I have a list of integers. I want to find all runs of consecutive numbers on that list, defined by the start index and length. So for example, for input list of [1,2,3,5,7,8], the output would be [{1,3}, {5,1}, {7,2}]. This is easy enough to do using a loop, something like this (untested pseudocode):

for(i=1, i < maxNum; i++)
{
  number = list[i];
  previousNumber = list[i-1];
  if(number - previousNumber == 1)
  {
    runLength++;
  }
  else
  {
    result.Add(startingNumber, runLength);
    runLength = 1;
    startingNumber = number;
  }
}

But I thought it would be possible to do using LINQ. Any ideas how to do that?

Answer 1

Did someone ask to shoehorn a solution into a LINQ query of dubious readability?
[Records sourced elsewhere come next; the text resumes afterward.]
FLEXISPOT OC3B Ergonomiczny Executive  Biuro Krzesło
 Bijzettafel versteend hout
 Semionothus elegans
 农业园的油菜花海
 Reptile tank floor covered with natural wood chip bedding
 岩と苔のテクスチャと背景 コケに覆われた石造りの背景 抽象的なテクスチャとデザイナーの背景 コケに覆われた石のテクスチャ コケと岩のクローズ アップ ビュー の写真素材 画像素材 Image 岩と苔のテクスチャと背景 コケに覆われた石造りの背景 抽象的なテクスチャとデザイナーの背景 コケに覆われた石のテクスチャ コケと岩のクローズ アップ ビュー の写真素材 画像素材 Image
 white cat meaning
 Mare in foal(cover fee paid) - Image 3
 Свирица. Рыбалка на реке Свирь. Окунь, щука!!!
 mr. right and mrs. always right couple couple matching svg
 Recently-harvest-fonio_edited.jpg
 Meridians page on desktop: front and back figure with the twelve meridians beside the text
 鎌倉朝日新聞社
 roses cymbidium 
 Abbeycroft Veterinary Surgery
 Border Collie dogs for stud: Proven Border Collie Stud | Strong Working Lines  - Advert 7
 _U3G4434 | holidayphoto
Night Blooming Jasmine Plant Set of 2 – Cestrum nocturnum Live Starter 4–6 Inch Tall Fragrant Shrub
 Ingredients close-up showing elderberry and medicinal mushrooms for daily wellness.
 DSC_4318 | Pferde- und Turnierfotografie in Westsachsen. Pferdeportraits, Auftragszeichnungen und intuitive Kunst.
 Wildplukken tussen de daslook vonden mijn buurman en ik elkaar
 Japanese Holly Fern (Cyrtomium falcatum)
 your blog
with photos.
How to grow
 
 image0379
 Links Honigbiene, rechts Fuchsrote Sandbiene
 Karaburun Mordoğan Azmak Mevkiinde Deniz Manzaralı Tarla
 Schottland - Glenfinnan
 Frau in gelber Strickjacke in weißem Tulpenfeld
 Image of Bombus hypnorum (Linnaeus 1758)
var serieses = input.Aggregate(
    new List<Tuple<int, int>>(),
    (l, i) =>
        {
            var last = l.LastOrDefault();
            if (last == null ||
                last.Item1 + last.Item2 != i)
            {
                l.Add(new Tuple<int, int>(i, 1));
            }
            else if (last.Item1 + last.Item2 == i)
            {
                l.RemoveAt(l.Count - 1);
                l.Add(new Tuple<int, int>(last.Item1, last.Item2 + 1));
            }

            return l;
        });

Answer 2

Try with this:

// Static class to contain the extension methods.
public static class MyExtensions
{
    public static IEnumerable<IGrouping<TKey, TSource>> ChunkBy<TSource, TKey>(this IEnumerable<TSource> source, Func<TSource, TKey> keySelector)
    {
        return source.ChunkBy(keySelector, EqualityComparer<TKey>.Default);
    }

    public static IEnumerable<IGrouping<TKey, TSource>> ChunkBy<TSource, TKey>(this IEnumerable<TSource> source, Func<TSource, TKey> keySelector, IEqualityComparer<TKey> comparer)
    {
        // Flag to signal end of source sequence.
        const bool noMoreSourceElements = true;

        // Auto-generated iterator for the source array.       
        var enumerator = source.GetEnumerator();

        // Move to the first element in the source sequence.
        if (!enumerator.MoveNext()) yield break;

        // Iterate through source sequence and create a copy of each Chunk.
        // On each pass, the iterator advances to the first element of the next "Chunk"
        // in the source sequence. This loop corresponds to the outer foreach loop that
        // executes the query.
        Chunk<TKey, TSource> current = null;
        while (true)
        {
            // Get the key for the current Chunk. The source iterator will churn through
            // the source sequence until it finds an element with a key that doesn't match.
            var key = keySelector(enumerator.Current);

            // Make a new Chunk (group) object that initially has one GroupItem, which is a copy of the current source element.
            current = new Chunk<TKey, TSource>(key, enumerator, value => comparer.Equals(key, keySelector(value)));

            // Return the Chunk. A Chunk is an IGrouping<TKey,TSource>, which is the return value of the ChunkBy method.
            // At this point the Chunk only has the first element in its source sequence. The remaining elements will be
            // returned only when the client code foreach's over this chunk. See Chunk.GetEnumerator for more info.
            yield return current;

            // Check to see whether (a) the chunk has made a copy of all its source elements or 
            // (b) the iterator has reached the end of the source sequence. If the caller uses an inner
            // foreach loop to iterate the chunk items, and that loop ran to completion,
            // then the Chunk.GetEnumerator method will already have made
            // copies of all chunk items before we get here. If the Chunk.GetEnumerator loop did not
            // enumerate all elements in the chunk, we need to do it here to avoid corrupting the iterator
            // for clients that may be calling us on a separate thread.
            if (current.CopyAllChunkElements() == noMoreSourceElements)
            {
                yield break;
            }
        }
    }

    // A Chunk is a contiguous group of one or more source elements that have the same key. A Chunk 
    // has a key and a list of ChunkItem objects, which are copies of the elements in the source sequence.
    class Chunk<TKey, TSource> : IGrouping<TKey, TSource>
    {
        // INVARIANT: DoneCopyingChunk == true || 
        //   (predicate != null && predicate(enumerator.Current) && current.Value == enumerator.Current)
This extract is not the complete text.